3. COMPLEMENTO COMO REACTIVO Cuando se utiliza el complemento como reactivo es para demostrar que ha ocurrido la reacción antígeno-anticuerpo. Con este fin se usa en: - Valoración de destrucción celular con colorantes vitales. Los colorantes vitales son captados por las células vivas pero sin embargo no son captados por las células muertas. Un ejemplo de un colorante vital es la nigrosina. Por tanto, si en la muestra existen anticuerpos frente a esas células y éstas se ponen en contacto en presencia de complemento se produce la lisis celular y la no captación del colorante. Como resultado de la prueba se determinará el tanto por ciento de lisis. - Determinación de inmunocomplejos. Los inmunocomplejos circulantes se pueden poner de manifiesto por la capacidad de fijación que tienen. - Técnica de fijación del complemento.

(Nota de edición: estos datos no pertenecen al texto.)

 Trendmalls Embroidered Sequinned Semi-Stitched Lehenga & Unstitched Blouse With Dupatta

4. COMPLEMENTO COMO INTERFERENCIA ANALÍTICA Debido a la labilidad del complemento y a que no posee una concentración constante, si la técnica en cuestión no utiliza el complemento como reactivo, podemos observar que su presencia irregular puede producir una alteración de los resultados. Es por éste motivo que en la mayoría de las técnicas inmunológicas, se requiere como paso previo descomplementar o inactivar el suero, es decir, eliminar dicha variable del ensayo reduciendo la actividad complementaria de la muestra a cero. Una forma para conseguir que los sueros se deplecionen de actividad complementaria es incubando a 56ºC durante media hora.

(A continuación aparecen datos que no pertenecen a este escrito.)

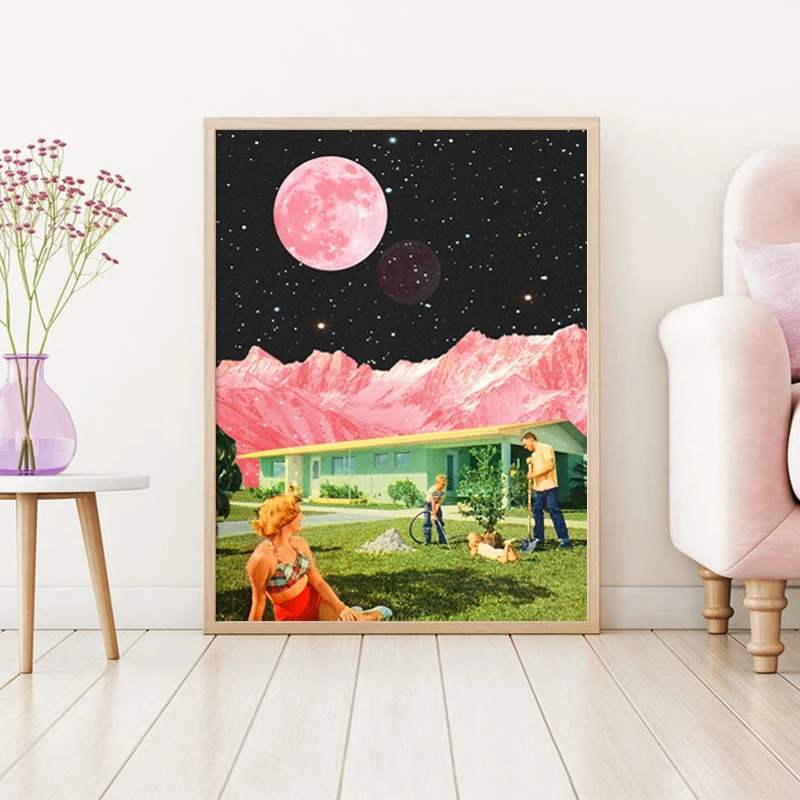 Vintage Surrealism Art Painting Pink Moon Nature Landscape Poster Psychedelic Wall Canvas Prints Family Picture Home Decor | Дом и сад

5. CONDICIONES DE EXTRACCIÓN. MANEJO DE MUESTRAS Debemos de tener mucho cuidado a la hora de manejar las muestras ya que un inadecuado manejo de las mismas nos llevaría a un gran número de errores en las determinaciones del complemento. Debido a la labilidad de algunos factores del complemento, debemos de considerar la recolección y el almacenamiento de las muestras como algo crítico.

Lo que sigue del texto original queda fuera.